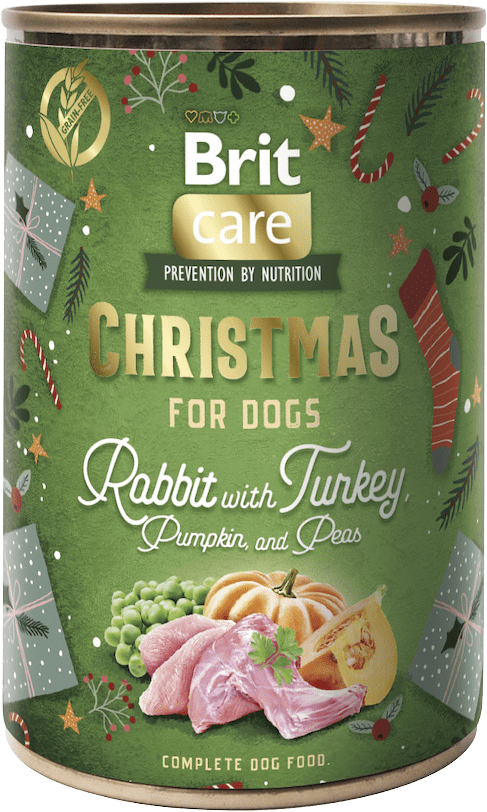 Konzerva Brit Care Dog Christmas králík s dýní, hráškem a petrželí 400g
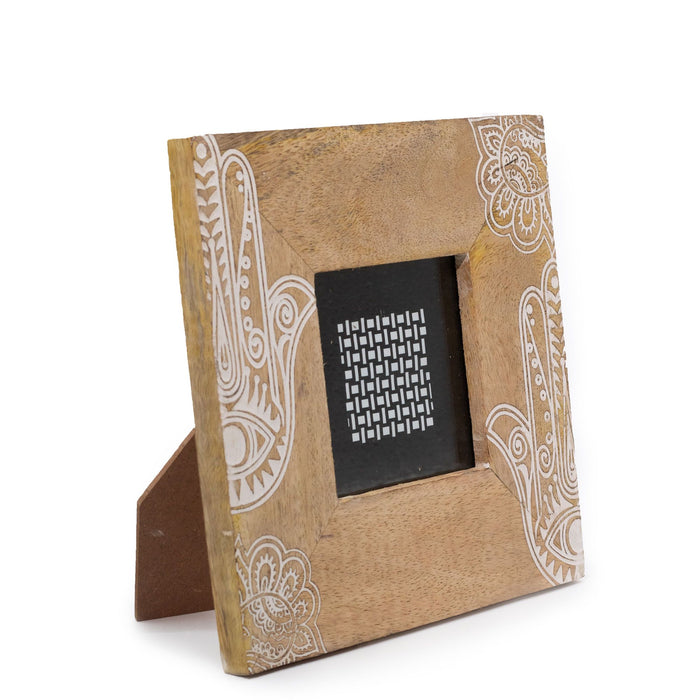Small Mango Wood Picture Frame (for 10x15cm) 20x20x2cm- Hansa - White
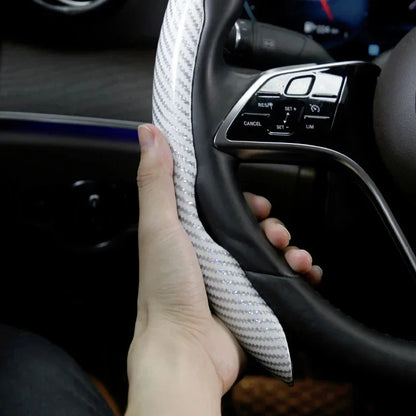 2/3PCS Universal Car Steering Wheel Cover — Laser Carbon Fiber, Silicone & 1K Microfiber Leather, Non-Slip PVC Booster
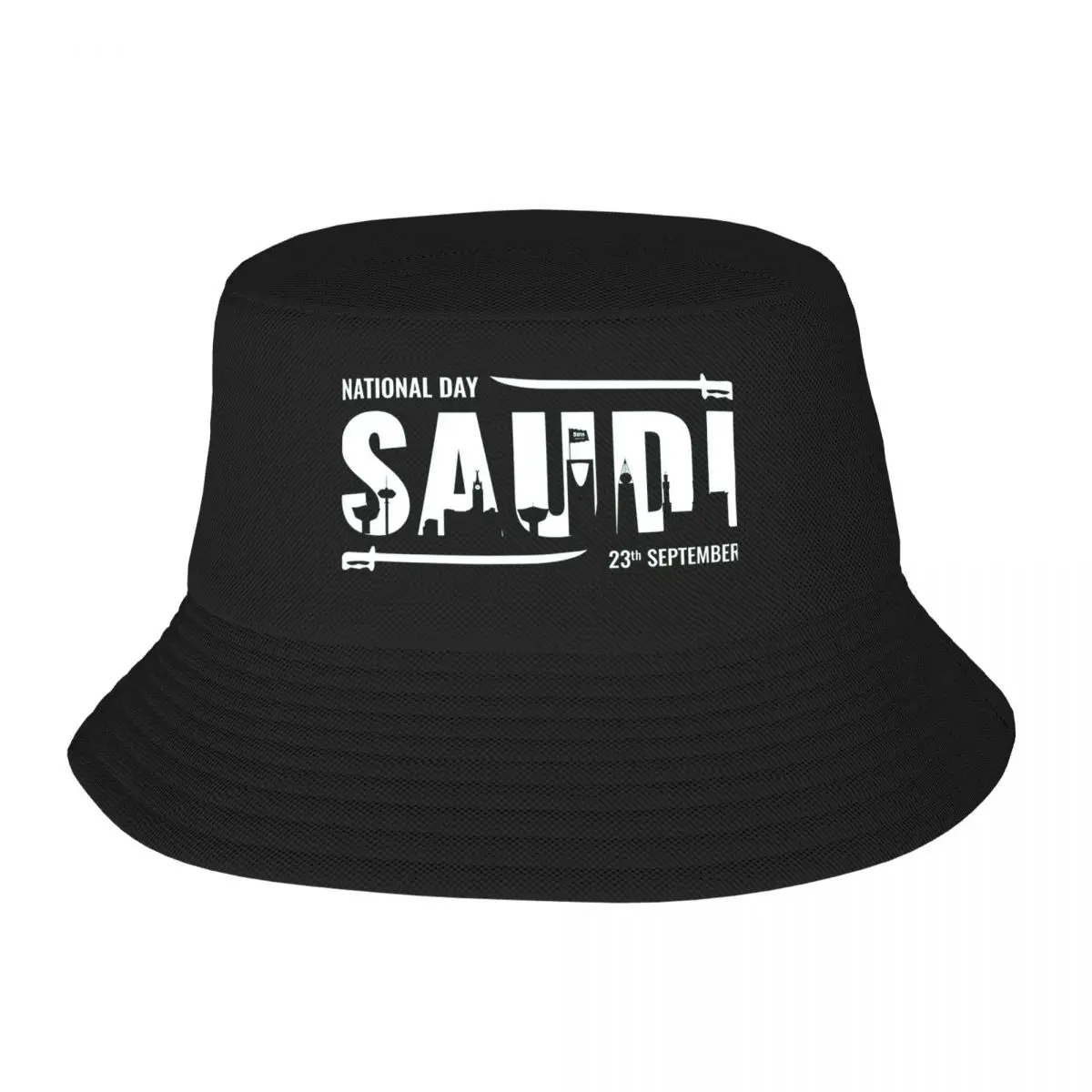 Men Women Kawaii Bucket Hats Saudi National Day Kingdom Of Saudi Arabia Accessories Bob Hats For Beach Headwear Lightweight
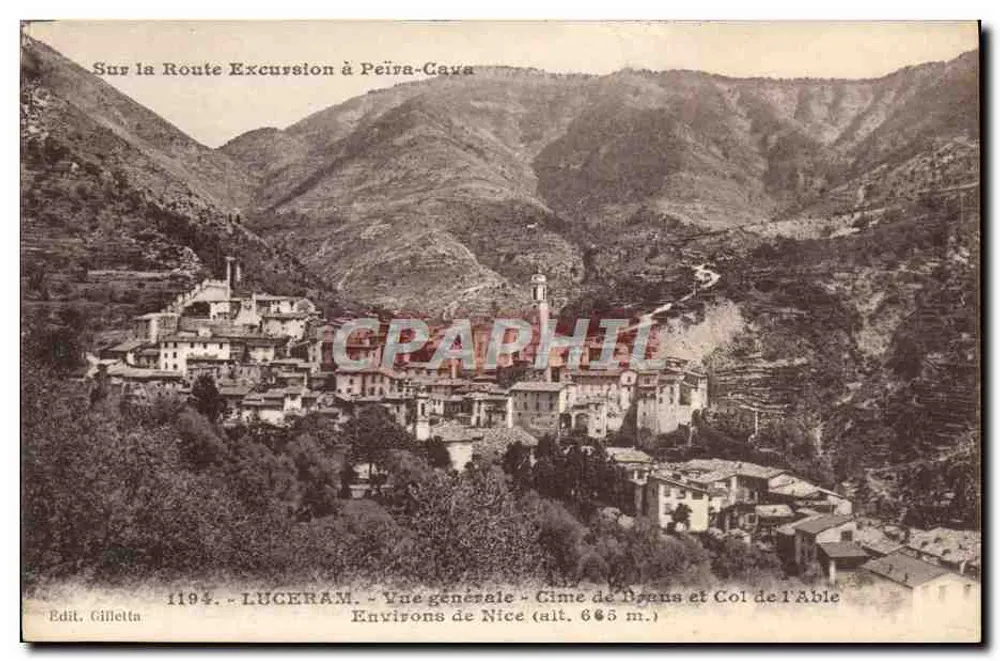 Luceram — Allgemeiner Blick — Gime de Brans und Col de l'Able (Höhe 665 m.) — Verlag Gilletta n° 1194 - Vorderseite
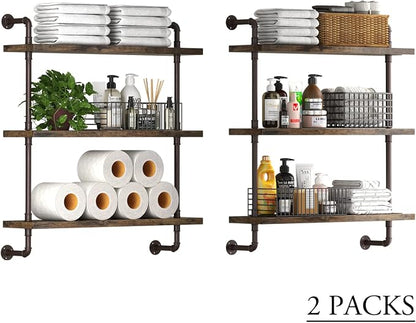 Industrial Pipe Shelf Wall Mounted, Rustic Wood Floating Shelves, 3 Tier Wall - Image 6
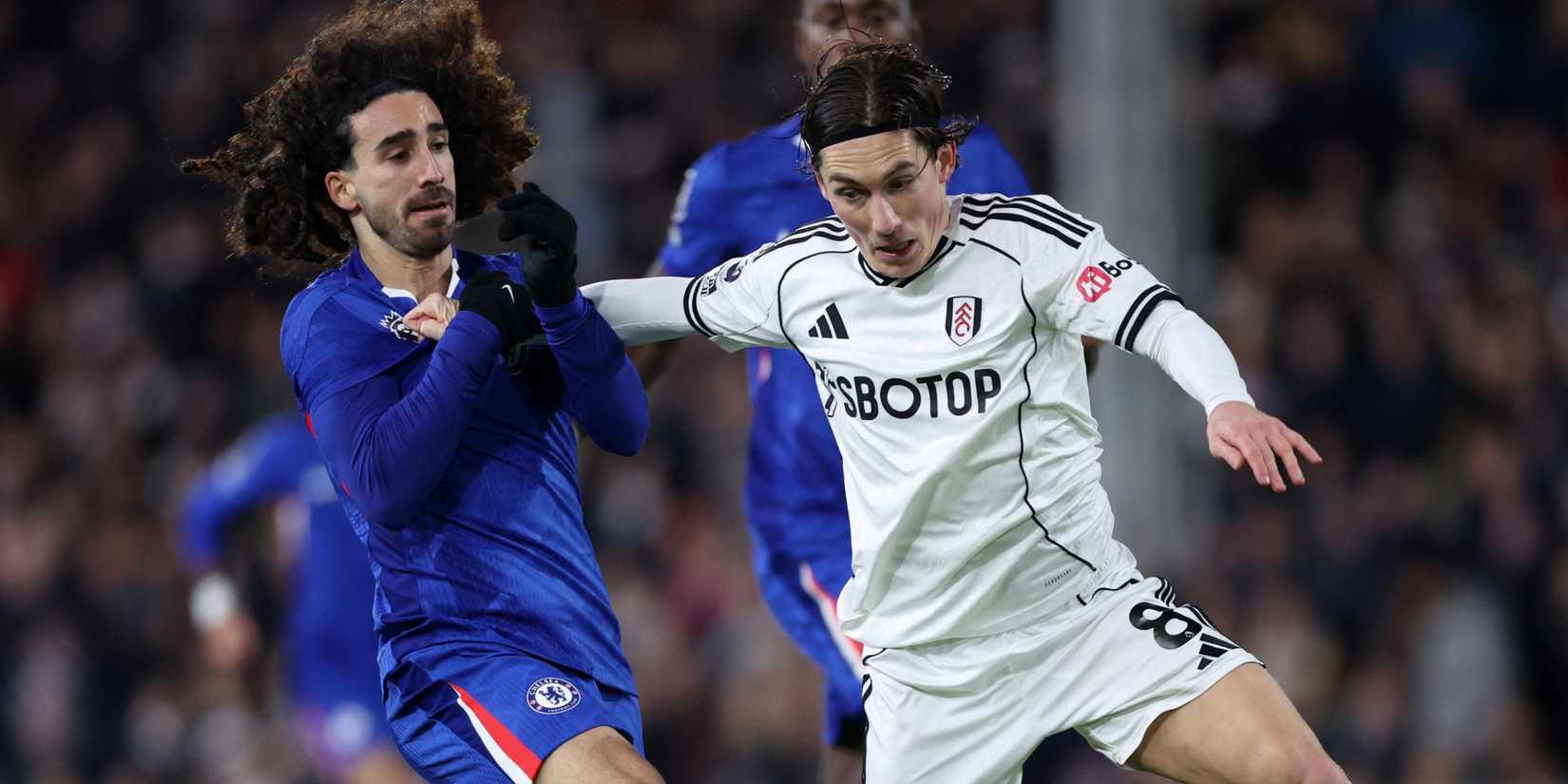 Chelsea's Marc Cucurella fouls Fulham's Harry Wilson and is later sent off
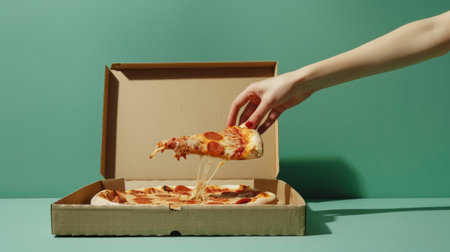 Female hand taking slice of pizza from cardboard box on green background.の素材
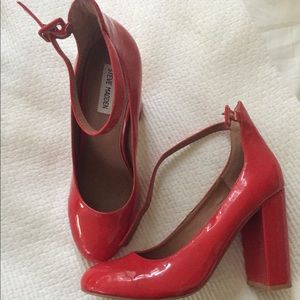 Steve Madden - red leather patent heels. Size 9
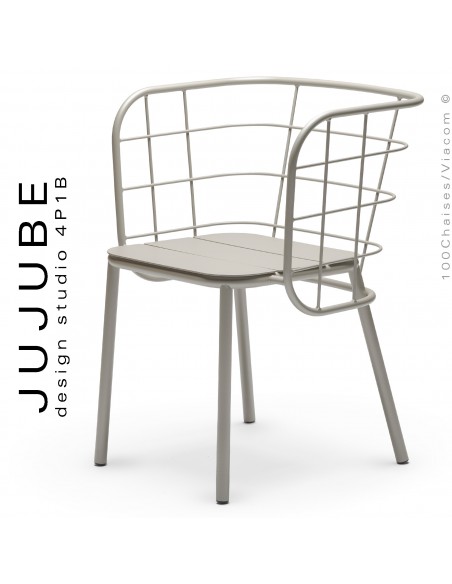 Fauteuil pour terrasse extérieur JUJUBE, piétement et structure acier peint sable.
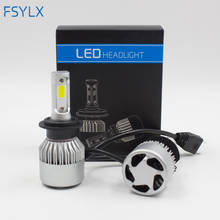 Fsylx-lâmpada led para farol de carro, s2, h4, h7, h11, h8, hb4, h1, h3, hbs2, 72w, 8000lm, 6500k, led, h4, h7, farol de neblina 2024 - compre barato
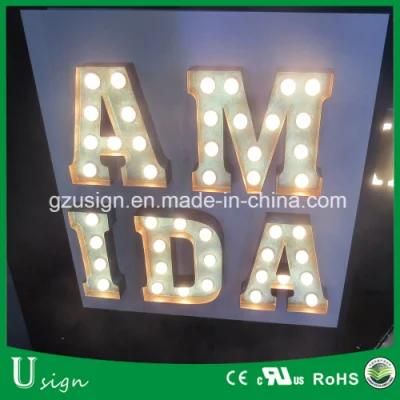 Custom Outdoor Decorative LED Marquee Love Bulb Letters Signs Large Lighted up Letter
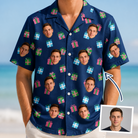 Man wearing Men's Surprise Stacks Custom Face Hawaiian Shirt — custom faces printed all-over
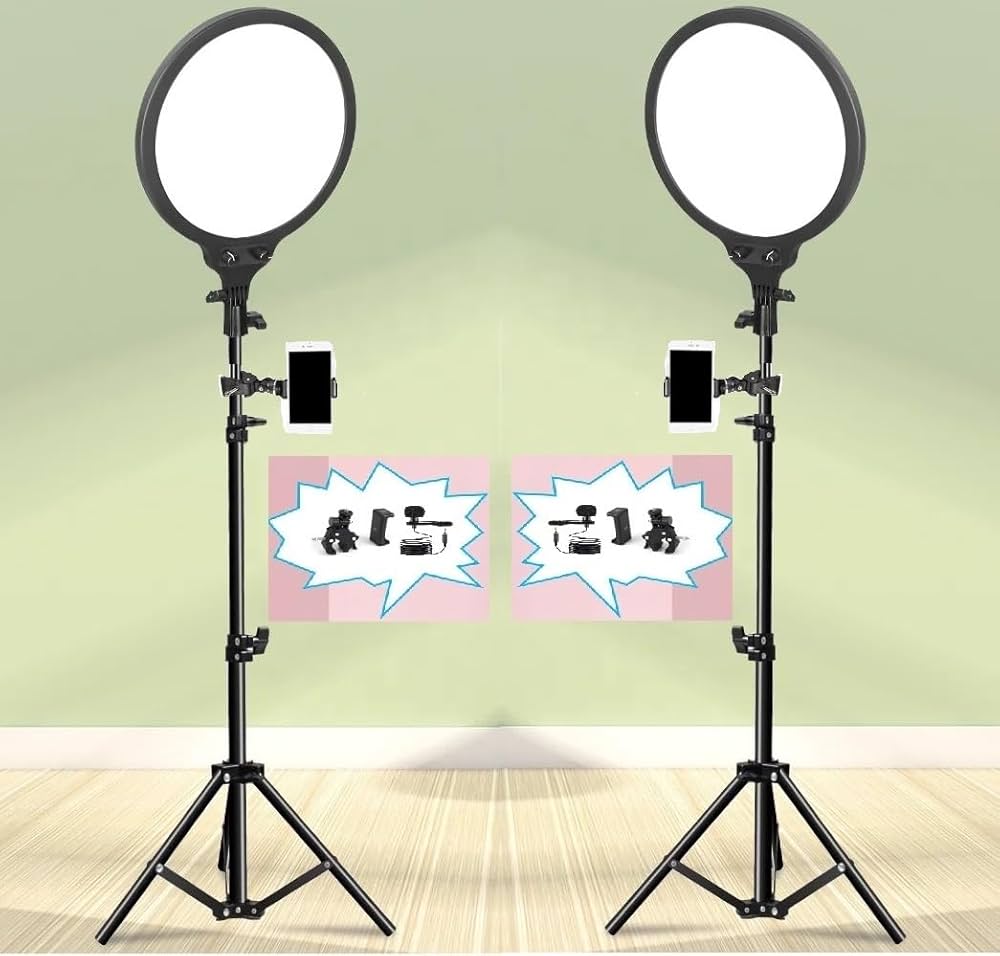 Professional Studio Lights Square+RGB Lights+ Mic+ Stand (Package) High Quality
=====
__WHAT IS REQUIRED__. Using the material above, restate word for word the lines from the line that has "Luceram — Allgemeiner" to the last line, inclusive, with pictures omitted.

__REPLY__.
 Luceram — Allgemeiner Blick — Gime de Brans und Col de l'Able (Höhe 665 m.) — Verlag Gilletta n° 1194 - Vorderseite
 Industrial Pipe Shelf Wall Mounted, Rustic Wood Floating Shelves, 3 Tier Wall - Image 6
 Chelsea's Marc Cucurella fouls Fulham's Harry Wilson and is later sent off
 Female hand taking slice of pizza from cardboard box on green background.の素材
 Steve Madden - red leather patent heels. Size 9
 Fauteuil pour terrasse extérieur JUJUBE, piétement et structure acier peint sable.
 Fsylx-lâmpada led para farol de carro, s2, h4, h7, h11, h8, hb4, h1, h3, hbs2, 72w, 8000lm, 6500k, led, h4, h7, farol de neblina 2024 - compre barato
 Custom Outdoor Decorative LED Marquee Love Bulb Letters Signs Large Lighted up Letter
 Man wearing Men's Surprise Stacks Custom Face Hawaiian Shirt — custom faces printed all-over
 Professional Studio Lights Square+RGB Lights+ Mic+ Stand (Package) High Quality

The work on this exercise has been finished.